|Project by steliart||posted 1173 days ago||5020 views||20 times favorited||23 comments|
Improving my bench-top Drill Press
My bench top drill press is nothing expensive or special, it serves me ok for the kind of woodworking I do, but they were still a few things that I could do or modify to give it a better workability lift-up.
One of the first things I did was to change its old pole with a stainless steel one. Why stainless steel? Well it was the only piece I could find that matched the diameter and you can slide up and down smoother. So the pole got a lift-up of about a foot taller.
On that pole I attached a drill press accessory bar made from a piece of aluminum angle and two shallow boxes from ¼ inch MDF, and it has been proven to be a very useful asset to my drill press. Many small things can easily found there way into it and there are easily accessible when you need them as well as your drill bits sets.
I also made a drill press table using a laminated office shelve as a base, together with a plywood fence with a stop block. The fence was constructed from two pieces of plywood grooved and glued together to create the t-track opening. It pivots at one point and this helps to move the fence out of the way when not needed. Also to hold the fence down in position I use a quick grip clamp.

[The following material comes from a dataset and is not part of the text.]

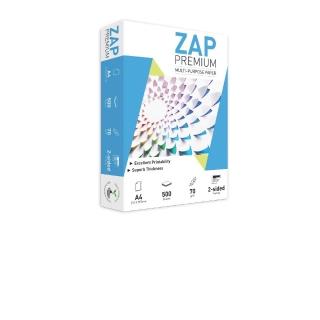 【ZAP】多功能影印紙A4 70G 5包/箱(PaparOne 同紙廠生產製造)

Some home made hold-down clamps run into the two T-tracks which are nothing more than simple curtain aluminum tracks. The drill press table has two ¼ (6mm) plate inserts sitting on top of each other, one has the standard drill press hole opening and the second plate has a larger hole to fit my drill press spindle sanders.
One more gadget that fount’s its way to my drill press table was one of those inexpensive drill press vise. Mounted on a sheet of plywood as a base with couple of bolts and nuts and with two homemade knobs to hold it down to the t-tracks it became a useful helper when working with small pieces of wood or odd shapes.
The old depth-stop system with the 2 nuts was so unfriendly to use, so I came up with an easier way to work around this problem. A small piece of hardwood and a threaded iron base with a small knob made the depth-stop very easy to adjust and use. I also replaced the broken plastic depth ring with the one made out of 3/8 clear acrylic.
I also used two magnets that I had laying around. One holds the drill press chuck always in the right place so I don’t loose it every time, and the other one on the top holds my plastic bit cleaning brush and gives my drill press a funny Mohawk look.